Monday, March 2, 2009

On The New Paradigm for Financial Markets

I just finished reading The New Paradigm for Financial Markets: The credit crisis of 2008 and what it means, by George Soros. I quite liked this book. I shall explain.

The book deals mainly with Soros's «Theory of Reflexivity», which is a hypothesis on the workings of societies which postulates that human endeavours cannot be completely modelled mathematically, because the inherent endogeneity of such processes will affect the direction of the result from the quantum to the macro level, c.f. the butterfly effect. Human constructs suffer from «radical fallibility»: they are all ultimately flawed, though the flaws may be hidden long enough for the constructs to flourish. Such is the case, Soros argues, with financial markets and the theory of equilibrium: though the theory has allowed unprecedented growth and wealth creation since World War II, the cracks in the systems of credit expansion and the «market fundamentalism» doctrine of the Reagan and Bush years have finally begun to show. We are living through a pivot point in the history of the financial markets; as the American model of capitalism based on market fundamentalism (i.e., «the market is always right») crumbles before our eyes, a new paradigm to explain the behaviour of financial markets is needed. Soros here proposes his theory of reflexivity. Only when we comprehend how market participants may influence the very fundamentals of the markets will we gain a fuller understanding of their behaviour.

A very wordy summary, but there you go.

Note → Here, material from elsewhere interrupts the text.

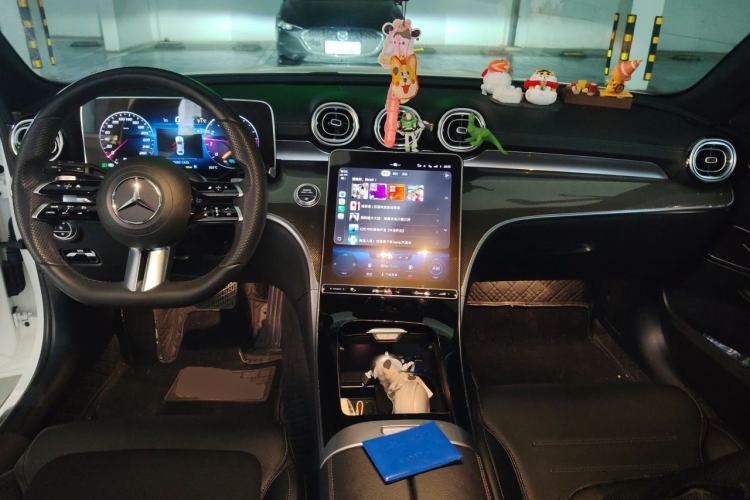 Used Mercedes-Benz C-Class 2022 Restyled C 260 L Sport Edition Center Console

The book made sense to me, and I liked it. Soros has a very good point when he says that economics ignores to its detriment many of the real-life characteristics of markets, e.g. that supply and demand are not given but are the active consequence of markets, or that rational expectations do not always exist. His theory makes sense; however, it's also too vague not to, it seems. Hopefully, he will be able to flesh out the theory a bit in the future.